TASK INSTRUCTIONS ▸
After locating the line that contains "Stars & Stripes" in the data below, set down exactly that line and each one after it through the line that contains "kitchen with decorative", and nothing more.
═════ EXTRACTED ENTRIES
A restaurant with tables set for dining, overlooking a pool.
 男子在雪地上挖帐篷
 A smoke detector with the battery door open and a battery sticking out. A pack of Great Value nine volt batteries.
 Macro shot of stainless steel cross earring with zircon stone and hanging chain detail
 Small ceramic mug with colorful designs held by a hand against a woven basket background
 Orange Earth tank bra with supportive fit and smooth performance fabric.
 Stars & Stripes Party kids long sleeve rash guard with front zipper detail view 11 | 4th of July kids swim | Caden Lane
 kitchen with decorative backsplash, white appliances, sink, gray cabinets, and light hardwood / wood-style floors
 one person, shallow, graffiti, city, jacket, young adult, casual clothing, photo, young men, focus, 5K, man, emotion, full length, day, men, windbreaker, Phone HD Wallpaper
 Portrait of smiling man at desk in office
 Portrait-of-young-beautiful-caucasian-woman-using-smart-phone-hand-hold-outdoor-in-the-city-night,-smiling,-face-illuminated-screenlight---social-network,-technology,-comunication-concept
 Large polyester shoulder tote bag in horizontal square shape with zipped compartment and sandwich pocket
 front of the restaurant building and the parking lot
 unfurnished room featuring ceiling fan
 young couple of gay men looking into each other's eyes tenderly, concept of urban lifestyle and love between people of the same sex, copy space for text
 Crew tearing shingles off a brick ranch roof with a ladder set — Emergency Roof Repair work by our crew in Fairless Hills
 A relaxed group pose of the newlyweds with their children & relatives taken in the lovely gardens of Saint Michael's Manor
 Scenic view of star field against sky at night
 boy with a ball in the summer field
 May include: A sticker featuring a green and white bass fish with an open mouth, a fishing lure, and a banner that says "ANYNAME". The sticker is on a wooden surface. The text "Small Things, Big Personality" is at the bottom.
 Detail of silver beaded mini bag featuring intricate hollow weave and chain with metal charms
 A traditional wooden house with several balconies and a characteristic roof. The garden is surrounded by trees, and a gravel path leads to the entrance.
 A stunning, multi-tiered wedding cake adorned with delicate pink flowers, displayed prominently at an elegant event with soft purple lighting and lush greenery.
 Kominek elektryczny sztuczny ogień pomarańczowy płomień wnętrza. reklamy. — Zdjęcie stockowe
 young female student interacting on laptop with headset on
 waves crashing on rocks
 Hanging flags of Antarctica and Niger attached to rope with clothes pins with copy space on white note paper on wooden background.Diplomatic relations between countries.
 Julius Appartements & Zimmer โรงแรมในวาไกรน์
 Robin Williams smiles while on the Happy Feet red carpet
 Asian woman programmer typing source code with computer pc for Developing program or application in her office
══════════
TASK SOLUTION ▸
 Stars & Stripes Party kids long sleeve rash guard with front zipper detail view 11 | 4th of July kids swim | Caden Lane
 kitchen with decorative backsplash, white appliances, sink, gray cabinets, and light hardwood / wood-style floors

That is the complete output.